1

Input csv file:

a,b,c,d,e
1,2,3,4,2
3,4,5,6,3
3,4,5
1,2

Code:

import numpy as np

data = np.genfromtxt("sa.csv", dtype=None, delimiter=',', names=True)
print data['a'],data['b'],data['e']

I ll get an error

Traceback (most recent call last):
  File "cs.py", line 3, in <module>
    data = np.genfromtxt("sa.csv", dtype=None, delimiter=',', names=True)
  File "/usr/lib/python2.7/dist-packages/numpy/lib/npyio.py", line 1593, in genfromtxt
    raise ValueError(errmsg)
ValueError: Some errors were detected !
    Line #4 (got 3 columns instead of 5)
    Line #5 (got 2 columns instead of 5)

How to deal with this and perform correlation based on the selected columns using statsmodels in python??

user2086122
  • 65
  • 4
  • 10
  • I've tidied up your post a little bit - although your traceback is still a bit wonky - you may wish to copy/paste and put in the trackback again. This time, paste it in, highlight the lot and press ctrl+k on it... Or the little `{}` icon when you click on [edit] – Jon Clements Feb 26 '13 at 11:12
  • sorry i waz new to this i would learn it – user2086122 Feb 26 '13 at 11:35
  • to calculate correlation, you can just use ``np.corrcoef``, or ``np.ma.corrcoef`` if you have missing values, or use pandas. statsmodels doesn't duplicate and doesn't have those functions. – Josef Feb 26 '13 at 14:39

3 Answers3

2

Since you mention statsmodels I assume that you've got its pandas dependency installed.
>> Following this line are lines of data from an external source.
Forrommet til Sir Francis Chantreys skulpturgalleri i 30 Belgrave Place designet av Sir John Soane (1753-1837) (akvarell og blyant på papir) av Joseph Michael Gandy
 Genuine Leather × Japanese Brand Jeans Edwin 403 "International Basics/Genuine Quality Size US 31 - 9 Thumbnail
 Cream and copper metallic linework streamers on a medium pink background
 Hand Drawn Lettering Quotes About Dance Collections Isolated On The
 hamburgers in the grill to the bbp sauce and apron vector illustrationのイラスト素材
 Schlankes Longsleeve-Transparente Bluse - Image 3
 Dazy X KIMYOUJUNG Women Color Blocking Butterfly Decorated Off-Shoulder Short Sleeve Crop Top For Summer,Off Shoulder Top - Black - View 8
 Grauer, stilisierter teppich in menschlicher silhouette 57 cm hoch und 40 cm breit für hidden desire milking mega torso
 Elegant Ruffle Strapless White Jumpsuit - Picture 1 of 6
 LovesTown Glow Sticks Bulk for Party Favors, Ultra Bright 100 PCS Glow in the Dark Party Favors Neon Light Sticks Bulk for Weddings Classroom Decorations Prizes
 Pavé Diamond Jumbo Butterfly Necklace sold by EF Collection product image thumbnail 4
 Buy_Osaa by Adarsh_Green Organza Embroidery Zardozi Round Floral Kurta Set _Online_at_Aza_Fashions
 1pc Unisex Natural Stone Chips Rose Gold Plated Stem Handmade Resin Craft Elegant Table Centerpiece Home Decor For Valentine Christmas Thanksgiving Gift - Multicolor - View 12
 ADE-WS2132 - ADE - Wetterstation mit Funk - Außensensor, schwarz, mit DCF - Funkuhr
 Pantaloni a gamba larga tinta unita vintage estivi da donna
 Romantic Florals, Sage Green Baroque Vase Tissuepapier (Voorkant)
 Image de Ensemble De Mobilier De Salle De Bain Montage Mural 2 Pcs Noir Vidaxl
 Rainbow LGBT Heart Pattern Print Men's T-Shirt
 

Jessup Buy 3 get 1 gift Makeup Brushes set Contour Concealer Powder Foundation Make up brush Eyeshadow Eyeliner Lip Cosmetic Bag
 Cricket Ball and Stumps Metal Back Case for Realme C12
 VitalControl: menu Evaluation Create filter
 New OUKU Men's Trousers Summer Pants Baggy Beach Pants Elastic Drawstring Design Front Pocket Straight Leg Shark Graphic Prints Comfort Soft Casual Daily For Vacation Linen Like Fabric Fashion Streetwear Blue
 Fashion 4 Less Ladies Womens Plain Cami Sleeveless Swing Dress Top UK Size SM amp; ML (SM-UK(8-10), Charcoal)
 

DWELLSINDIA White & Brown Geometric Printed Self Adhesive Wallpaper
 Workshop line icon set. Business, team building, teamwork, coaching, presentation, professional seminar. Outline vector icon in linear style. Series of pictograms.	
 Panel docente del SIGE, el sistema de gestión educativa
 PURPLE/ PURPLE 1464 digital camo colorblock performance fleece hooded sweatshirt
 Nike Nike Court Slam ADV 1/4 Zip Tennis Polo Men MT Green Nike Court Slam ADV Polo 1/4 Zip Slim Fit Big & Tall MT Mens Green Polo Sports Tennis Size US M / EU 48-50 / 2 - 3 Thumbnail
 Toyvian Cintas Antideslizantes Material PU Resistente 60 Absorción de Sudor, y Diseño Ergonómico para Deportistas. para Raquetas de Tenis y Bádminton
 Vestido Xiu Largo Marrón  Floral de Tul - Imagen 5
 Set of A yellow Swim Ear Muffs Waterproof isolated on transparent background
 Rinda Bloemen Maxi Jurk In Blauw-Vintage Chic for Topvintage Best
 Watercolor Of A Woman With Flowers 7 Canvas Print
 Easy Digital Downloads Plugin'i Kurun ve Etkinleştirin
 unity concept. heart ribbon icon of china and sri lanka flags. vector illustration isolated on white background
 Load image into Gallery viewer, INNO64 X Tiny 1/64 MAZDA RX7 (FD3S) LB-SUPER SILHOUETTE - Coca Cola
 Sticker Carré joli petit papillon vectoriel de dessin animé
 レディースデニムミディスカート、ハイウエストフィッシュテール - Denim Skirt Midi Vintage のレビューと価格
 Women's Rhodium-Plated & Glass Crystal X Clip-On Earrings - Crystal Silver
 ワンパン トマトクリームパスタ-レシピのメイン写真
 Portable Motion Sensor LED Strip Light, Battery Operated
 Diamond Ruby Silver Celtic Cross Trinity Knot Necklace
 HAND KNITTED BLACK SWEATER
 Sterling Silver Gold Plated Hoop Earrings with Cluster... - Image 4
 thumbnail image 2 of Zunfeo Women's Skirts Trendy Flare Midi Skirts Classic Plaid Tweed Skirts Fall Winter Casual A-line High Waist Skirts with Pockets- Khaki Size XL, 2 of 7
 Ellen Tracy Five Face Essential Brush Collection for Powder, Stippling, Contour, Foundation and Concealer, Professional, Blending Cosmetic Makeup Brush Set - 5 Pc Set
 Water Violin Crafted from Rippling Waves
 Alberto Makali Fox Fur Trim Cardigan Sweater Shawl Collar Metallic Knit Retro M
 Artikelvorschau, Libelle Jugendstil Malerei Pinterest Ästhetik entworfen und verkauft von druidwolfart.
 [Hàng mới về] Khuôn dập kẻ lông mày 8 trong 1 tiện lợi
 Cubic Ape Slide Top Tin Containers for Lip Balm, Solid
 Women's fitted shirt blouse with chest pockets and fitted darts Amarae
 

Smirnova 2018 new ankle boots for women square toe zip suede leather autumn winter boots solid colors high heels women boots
Pandas will parse your example properly:

import pandas as pd
import numpy as np
dat = pd.read_csv('test.csv')
np.corrcoef(dat)

array([[ 1.        ,  0.94174191,         nan,         nan],
       [ 0.94174191,  1.        ,         nan,         nan],
       [        nan,         nan,         nan,         nan],
       [        nan,         nan,         nan,         nan]])

Which is correct given the missing values.

Vincent
  • 15,809
  • 7
  • 37
  • 39
0

You can make it ignore the lines with fewer columns (Using genfromtxt to import csv data with missing values in numpy), but you cannot make it parse them as incomplete. If you put the delimiters in place (i.e. 1,2,,,) it can work, but otherwise I don't think genfromtxt is smart enough to do what you want.

You could easily implement it yourself, though, using the csv module.

Community
  • 1
  • 1
John Zwinck
  • 239,568
  • 38
  • 324
  • 436
0

In my case i had special character # inside my data what caused the problem. Example:

a,b#,c,d,e
1,2,3,4,2

Solution:

change the comments character, I changed it to: @@@

dataset = genfromtxt(open(file,'r'), delimiter=',', dtype='f8',
comments='@@@@')[1:]
MichaelLo
  • 1,289
  • 1
  • 14
  • 26